I spend quite a bit of my time helping high school students understand physics and mathematics concepts, so I’ve also spent some time wondering how I can better help them understand things. It’s a tough challenge, because I’ve never been like other people in terms of understanding — I’ve always been such a voracious reader that I can use my prior knowledge to make sense out of things.

I do not, however, see many other people doing the same.

What I tend to see instead is students memorizing how to do problems. For example, I was recently helping teach students about enthalpy. There’s a major equation involved:

$latex Q = mcDelta T$

which basically states that the energy you put in to an object changes its temperature in proportion to the objects mass and its specific heat. Mathematically it’s a very simple expression to use. Your typical physics problem might say “How much energy does it take to heat a 2kg lump of steel 10 degrees Celsius?”, in which case you look up the specific heat of steel and then plug the numbers right into the equation.

But then the teacher throws a curveball. Now you’re given the mass of the object and told that it was heated by ten degrees over ten minutes, with 200J of energy put in every minute. What’s the object’s specific heat?

The method to do this, of course, is to figure out the total energy put in (10 * 200 = 2,000J), plug in the numbers, and solve for specific heat. But I have literally watched students approach this problem and give up with no idea of what to do.

I may not be able to see into their minds, but the problem I see is this: rather than learning the concepts and forming a mental model of how something works, students are learning (and are being taught) how to do certain problems. If a problem is outside the scope of what they’ve been taught, it’s considered impossible — even when it actually could be solved with their current knowledge. When a teacher tries to make students think outside the box, she’s accused of testing students on “stuff she never taught us.”

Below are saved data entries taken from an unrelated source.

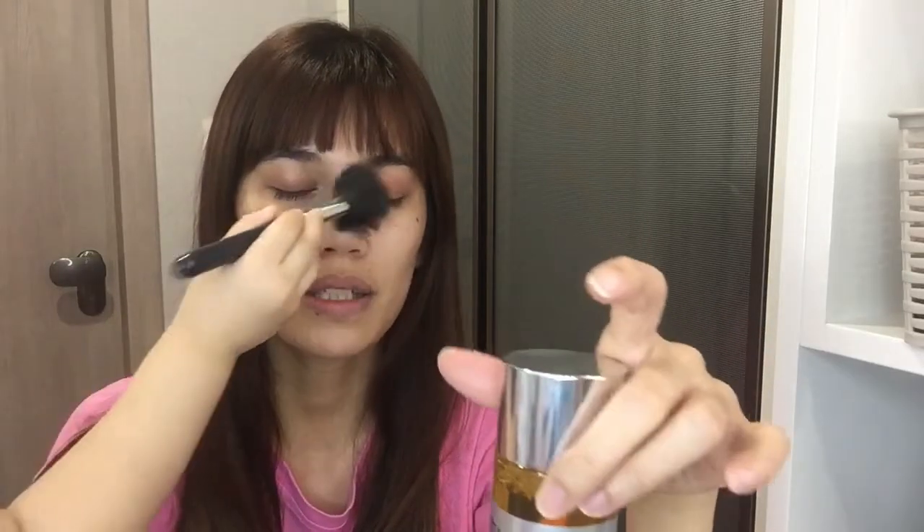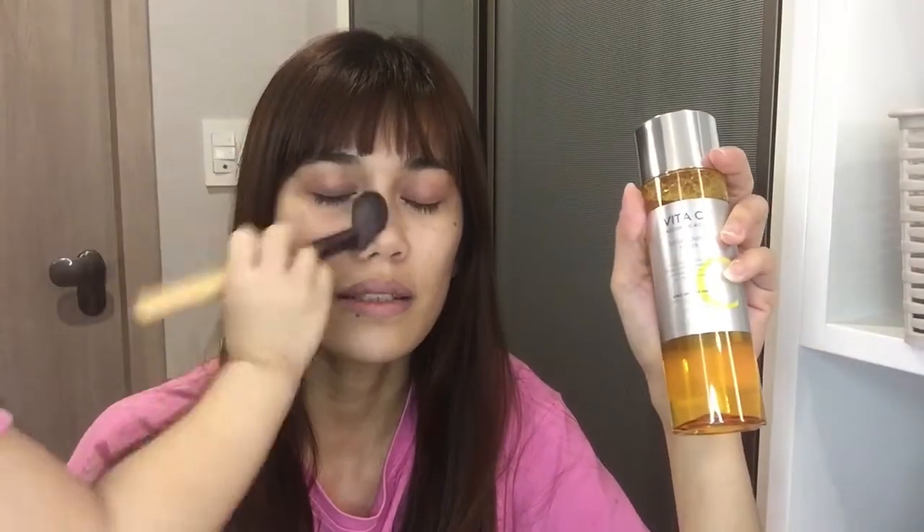Almost half of the bottle is left. In the morning I just use this alone and then apply sunscreen. It's really good to pair Vitamin C with sunscreen — the two will absorb into your skin and be more effective together. I'm so happy I bought this for 16,000 won, which is about 600–700 pesos or around 16 dollars. Originally it was 26,000 won but I got it on sale.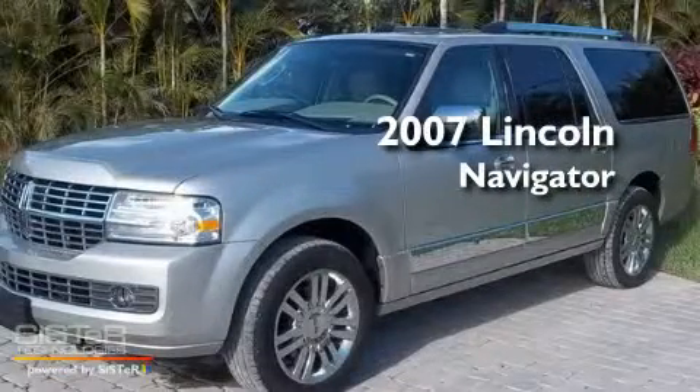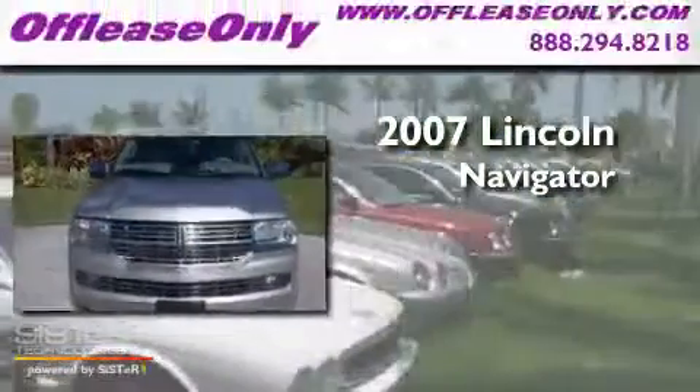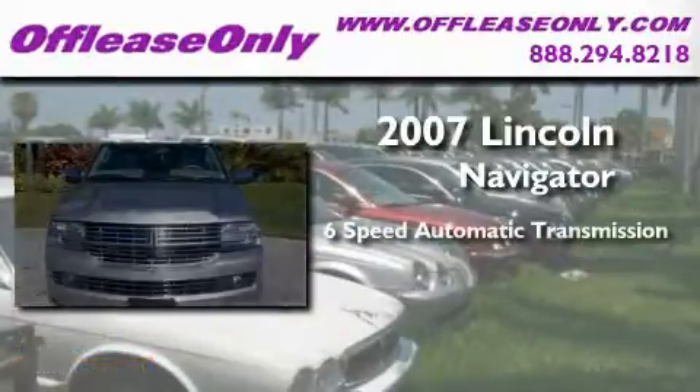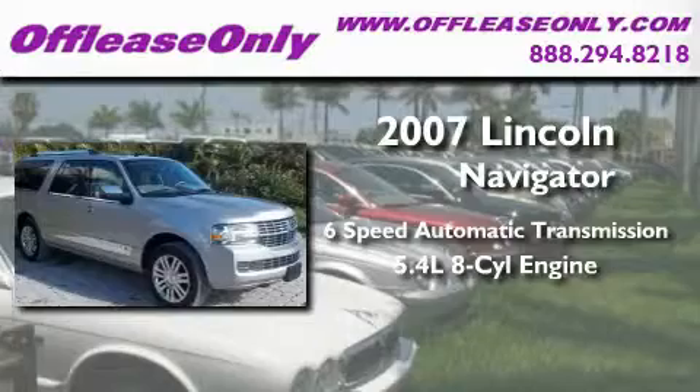This is a 2007 Lincoln Navigator. This SUV has a 6-speed automatic transmission and a 5.4-liter V8.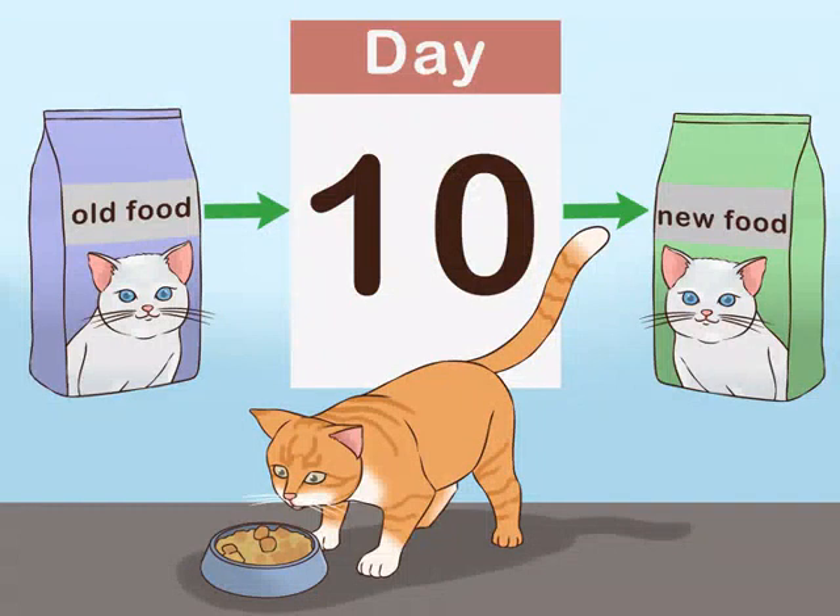Use a 10-day transition for older cats. Cats older than 9 years of age are considered senior. From day 1 to 3, feed your cat a portion consisting of 3 quarters old food and 1 quarter new food. From day 4 to 5, give your cat a portion with 50% old food and 50% new food. Watch for signs of difficulty such as an upset stomach. If your cat is having trouble, go back to the formula for days 1 to 3 for a few days and then continue with the schedule. From day 6 to 9, feed your cat a portion containing 3 quarters new food and 1 quarter old food. On day 10, give your cat only the new food.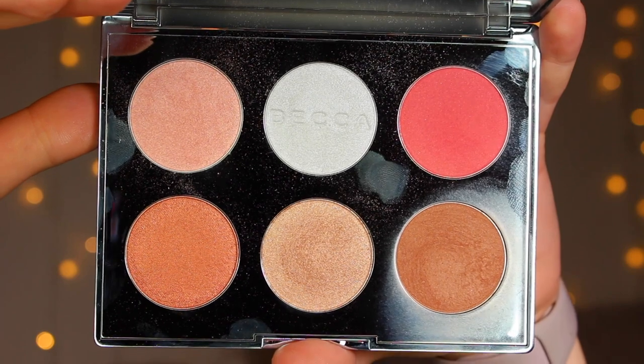You get six shades in this palette, two of which are limited edition exclusives: Winterberry — a blush — and Icicle, an icy highlighter. The rest are available individually. You get a bronzer called Bondi Bronze, then Winterberry, then Icicle with an almost blue undertone, then Opal — a personal favorite alongside Champagne Pop — Rose Quartz with a slight pinky undertone, and Blushed Copper with a richer copper undertone.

Is this really a good way of approaching learning? I don’t think so. One could argue that high-school physics will never be useful later in life; the key is that it will never be useful in the sense that most students will never have to figure out the specific heat of a lump of steel ever again. But this approach to learning denies students the other benefit of an education: a better understanding of how the world works. When you actually understand how energy and temperature relate (rather than knowing how to find one when given the other), you are better equipped to meet life’s smaller challenges and better understand the environment around you. You might not be doing algebra in your head 24/7, but at least you’re benefited with a sort of physics intuition.